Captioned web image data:
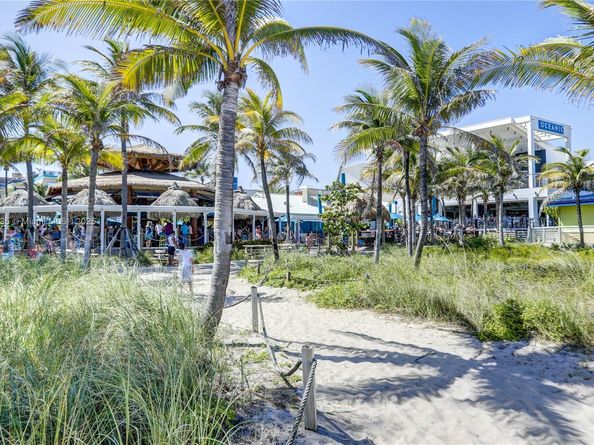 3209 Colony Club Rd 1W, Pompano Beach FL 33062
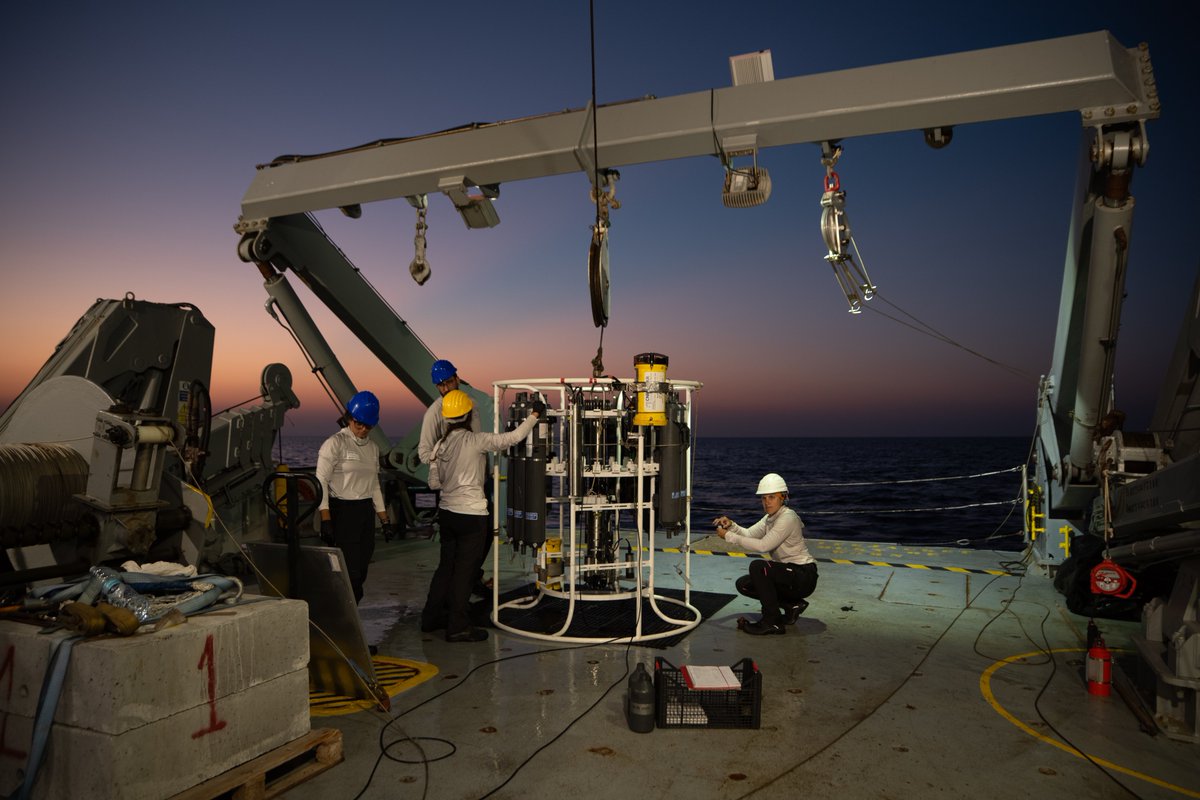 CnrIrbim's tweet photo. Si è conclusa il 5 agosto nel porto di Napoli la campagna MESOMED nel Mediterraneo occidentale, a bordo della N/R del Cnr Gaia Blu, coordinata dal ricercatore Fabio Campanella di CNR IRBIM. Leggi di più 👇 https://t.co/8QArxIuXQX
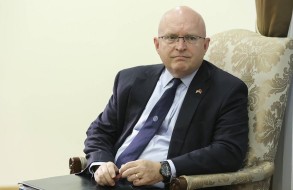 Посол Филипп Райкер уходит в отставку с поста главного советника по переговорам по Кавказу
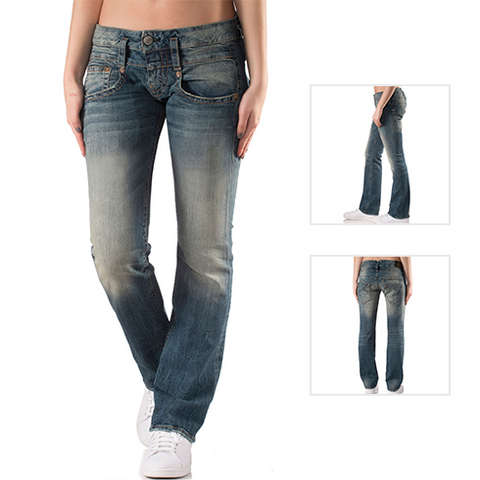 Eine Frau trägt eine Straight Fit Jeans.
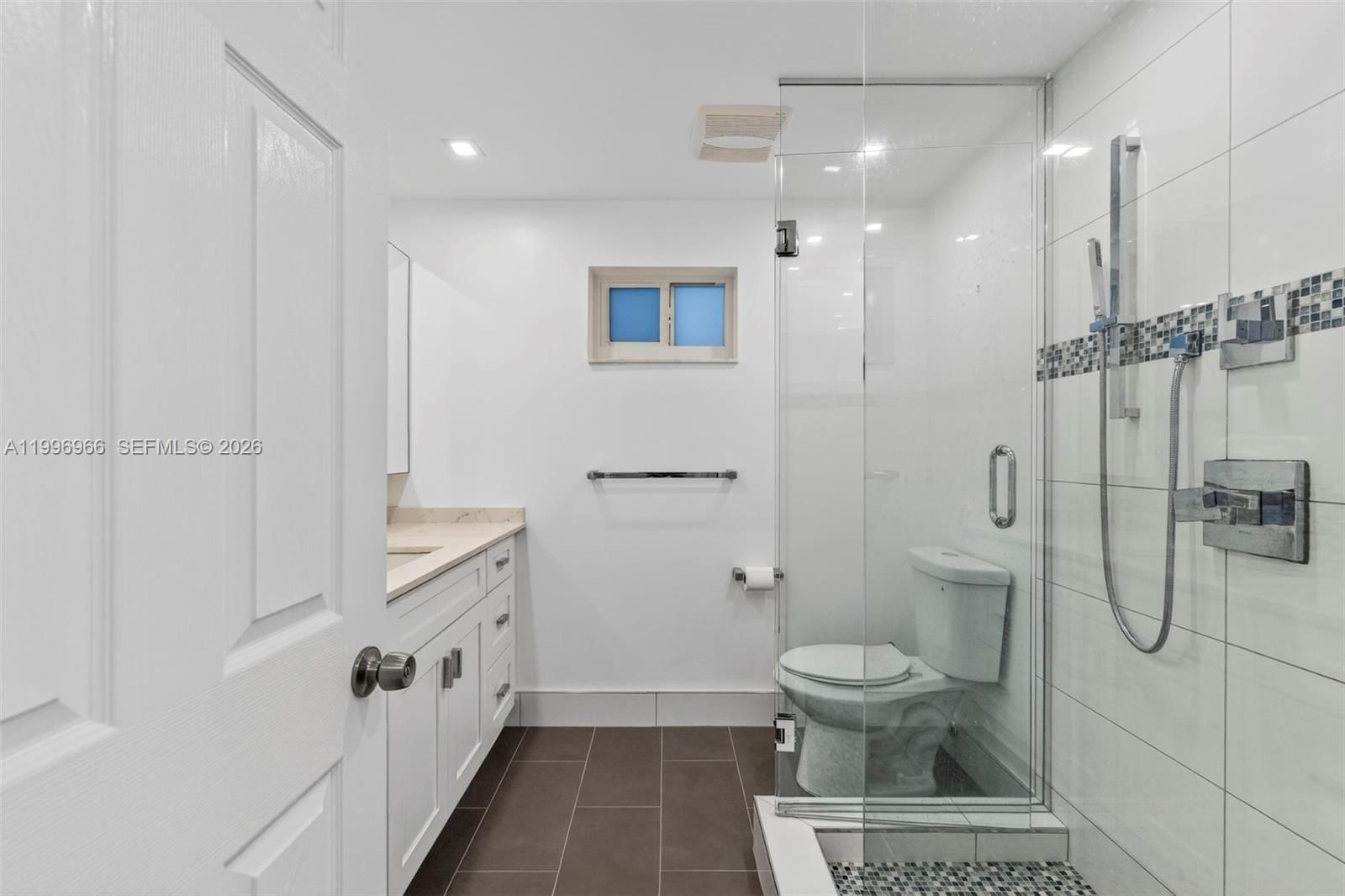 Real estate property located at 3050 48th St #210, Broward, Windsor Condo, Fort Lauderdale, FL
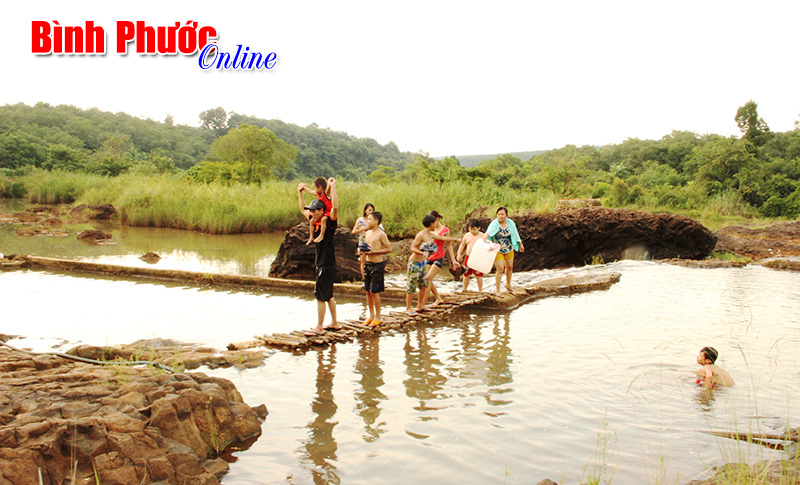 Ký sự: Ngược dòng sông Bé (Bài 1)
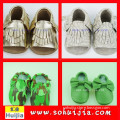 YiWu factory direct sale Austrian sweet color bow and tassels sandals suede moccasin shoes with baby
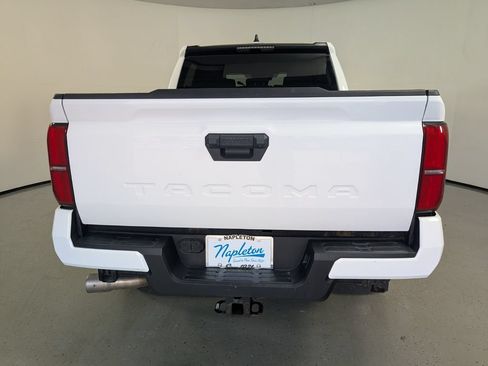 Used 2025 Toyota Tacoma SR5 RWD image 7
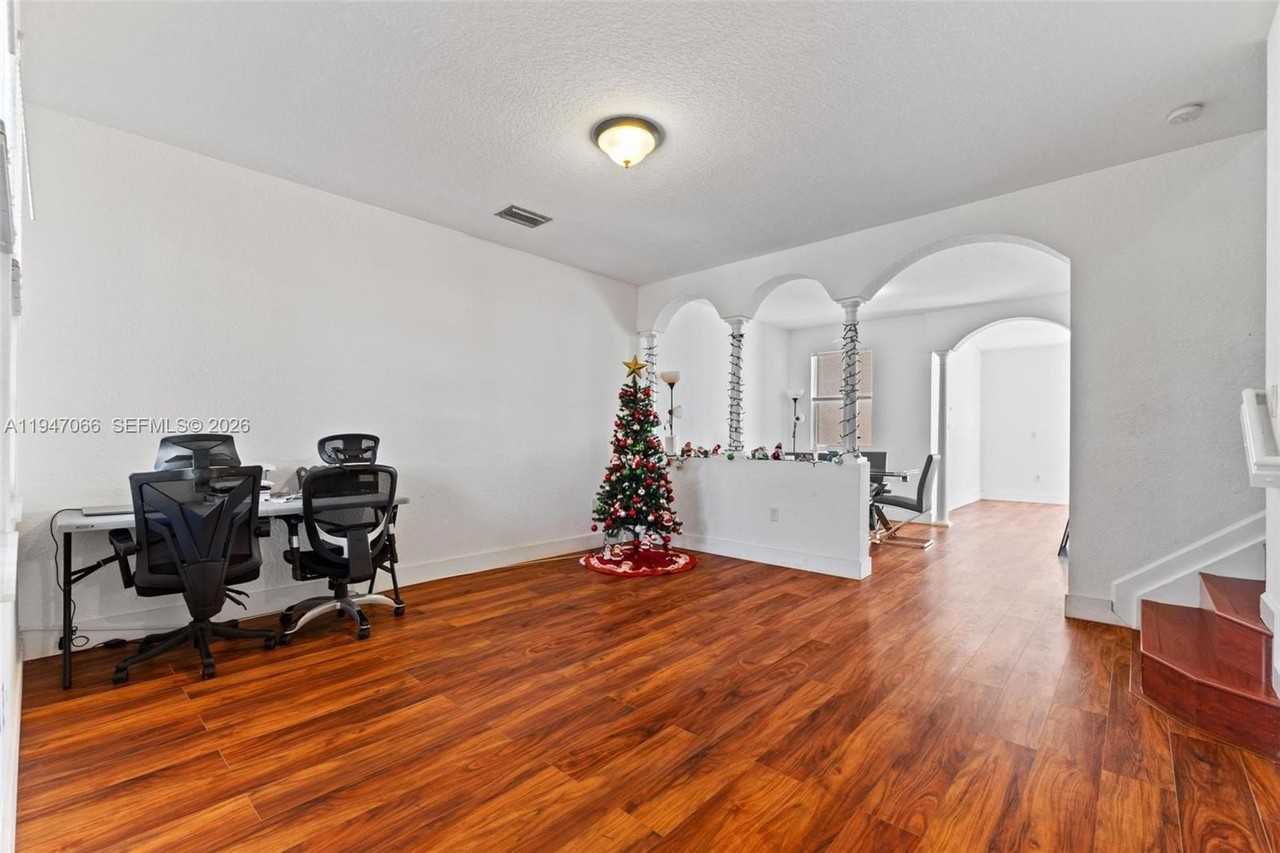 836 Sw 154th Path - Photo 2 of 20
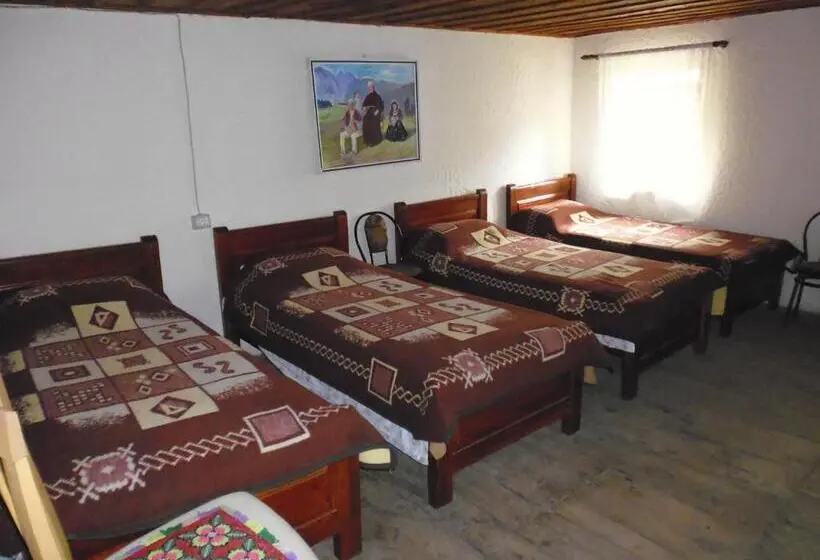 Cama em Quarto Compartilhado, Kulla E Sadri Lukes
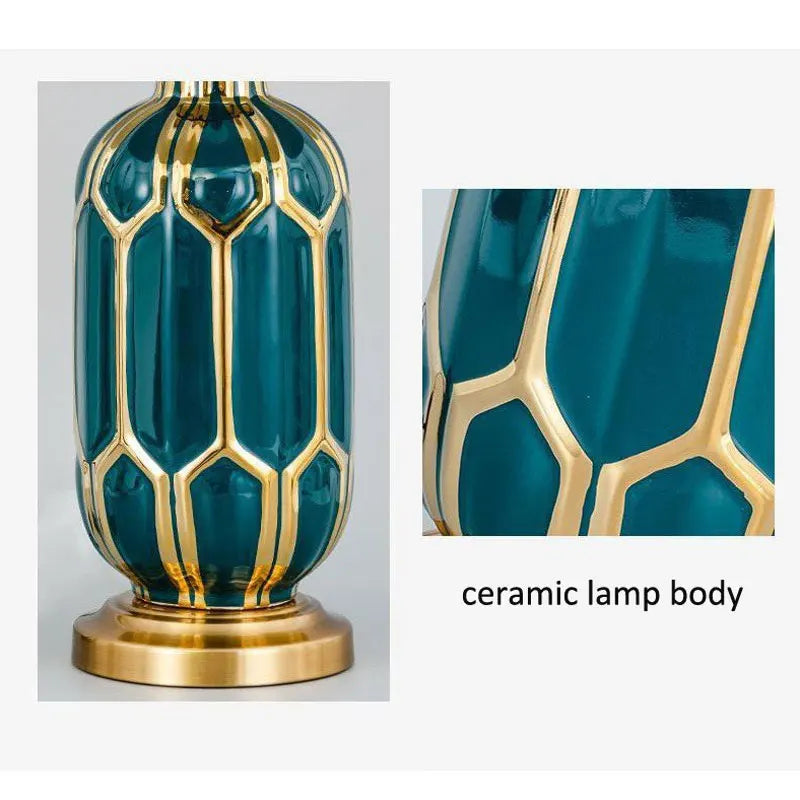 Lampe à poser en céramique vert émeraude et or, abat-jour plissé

What is being asked> Retype the records verbatim, excluding each image they hold.

Final answer>
 3209 Colony Club Rd 1W, Pompano Beach FL 33062
 CnrIrbim's tweet photo. Si è conclusa il 5 agosto nel porto di Napoli la campagna MESOMED nel Mediterraneo occidentale, a bordo della N/R del Cnr Gaia Blu, coordinata dal ricercatore Fabio Campanella di CNR IRBIM. Leggi di più 👇 https://t.co/8QArxIuXQX
 Посол Филипп Райкер уходит в отставку с поста главного советника по переговорам по Кавказу
 Eine Frau trägt eine Straight Fit Jeans.
 Real estate property located at 3050 48th St #210, Broward, Windsor Condo, Fort Lauderdale, FL
 Ký sự: Ngược dòng sông Bé (Bài 1)
 YiWu factory direct sale Austrian sweet color bow and tassels sandals suede moccasin shoes with baby
 Used 2025 Toyota Tacoma SR5 RWD image 7
 836 Sw 154th Path - Photo 2 of 20
 Cama em Quarto Compartilhado, Kulla E Sadri Lukes
 Lampe à poser en céramique vert émeraude et or, abat-jour plissé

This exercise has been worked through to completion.